The sale of an organisation is time-consuming, complicated and stressful. It would be easy to allow day to day business to suffer whilst the sale is being pursued thereby damaging the company’s value. Get your advisory team in place to represent you in dealings with prospective buyers and their representatives and ensure staff are unaffected by the process.
Up to Date Management Information
Audited financial statements are reassuring to a buyer (and their banker) and are the best indictor of future performance of the business Prospective purchasers will look at most recent audited accounts for financial data however comprehensive and timely management accounts will allow them to get a better understanding of the company’s operations and it’s performance since last financial year end. This is particularly important where the company is on significant growth path and value has increased since last year end. Also the availability of management data will give confidence to purchaser that the company is well managed and controlled.
Define Accounting Policies
Management should ensure that accounting policies in use are relevant and practical. The use of any contentious policies for valuation purposes or income recognition will lead to protracted dialogue with interested purchasers and may result in confusion over company value.

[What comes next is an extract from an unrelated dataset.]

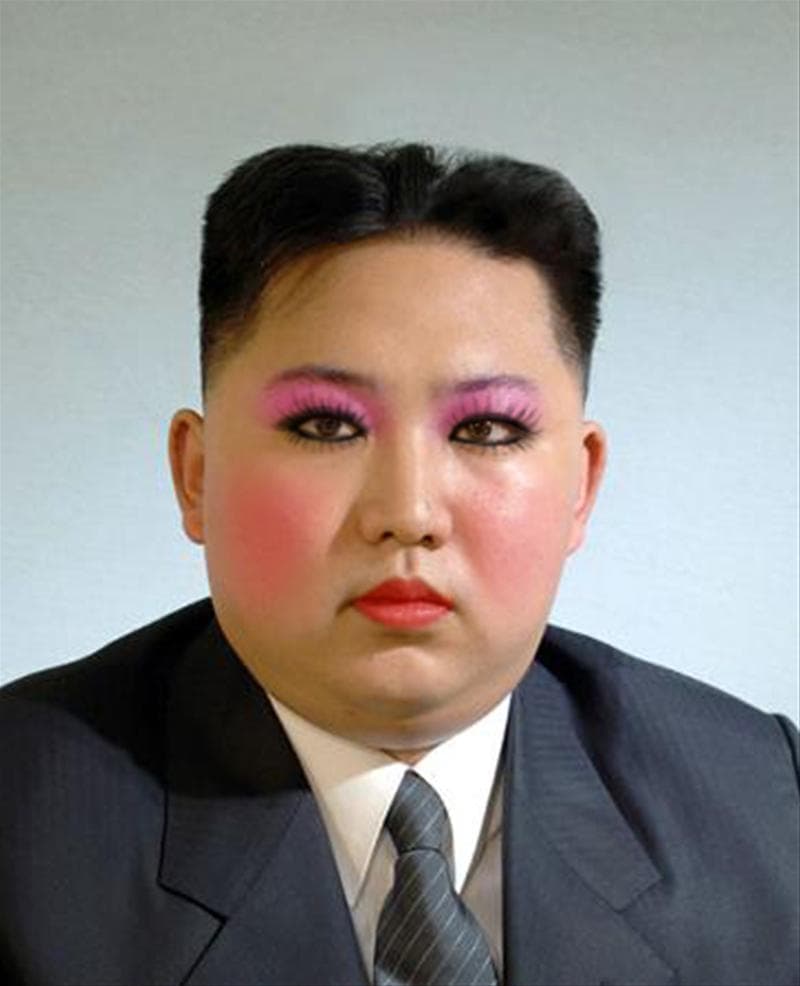 kim-jong-un-fabulous-makeup-02-1-1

Protect Intellectual Property
Any IP within the company should be thoroughly protected. This will assist potential purchasers in assessing the worth of the company and will prevent other parties from exploiting information obtained from sale process.

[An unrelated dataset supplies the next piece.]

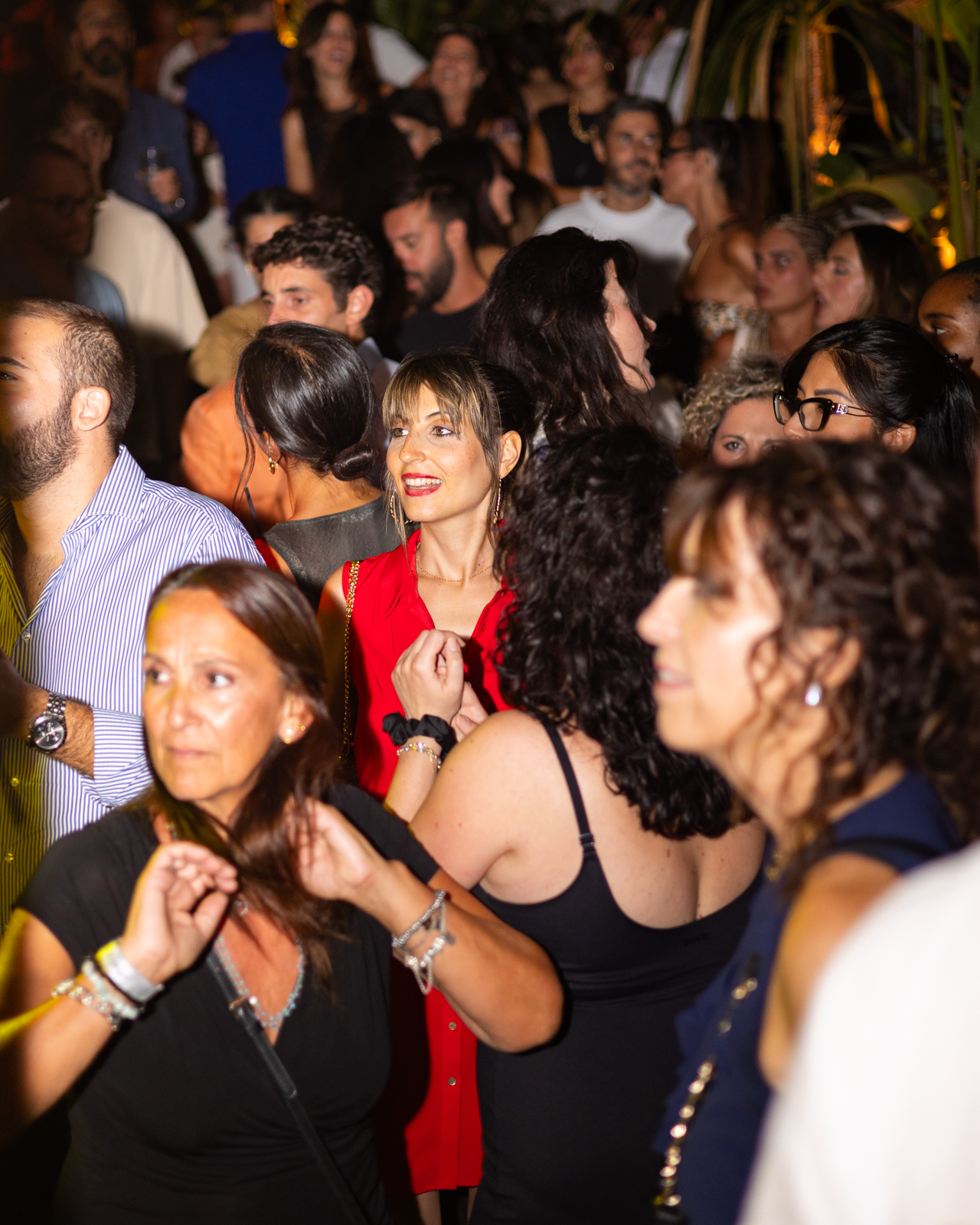 Immagine Evento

A professional business valuation for gauging buyer offers, but don’t disclose it, until you get the offers.
Value any property or significant assets
Independent market valuations of any assets such as land or property will assist pricing process.
Consider sale (and leaseback) of any non-essential assets
Remove other assets (such as land) that are not contributing to earning power. Your proceeds will probably be higher and you will improve your financial ratios if you strip away such assets. Many purchasers will not wish to outlay capital for non-essential assets, if any of these can be used on a leased basis consideration should be given to putting appropriate leases in place.
Adopt corporate governance standards applicable to a public company
Owner-managed businesses can cut out some elements of corporate governance as they are not accountable to external shareholders. However prior to sale it will be necessary to start viewing the company from the eyes of prospective purchasers. Implementing corporate governance procedures will assist in this process, management should prepare board papers, document decision making process etc.
Conclusion and recap
When it comes to ‘exit’ – an inevitable outcome for all entrepreneurs and the crystallization of all of the sweat-equity invested – the two most important things to get right at the very earliest stage of the venture, is to decide on which of the two exit objectives you are targeting and how you are going to build the leadership brand position and platform needed to maximise the value realisation or family wealth transfer on exit.
Brand fosters customer loyalty, which in turn generates more reliable earnings and income for a business. Sustainable wealth generation- beyond the time and stewardship of any one CEO, Management Team or Board of Directors – is essential for the prospective buyer of the business. It is also key to the transfer of wealth across generations in family succession.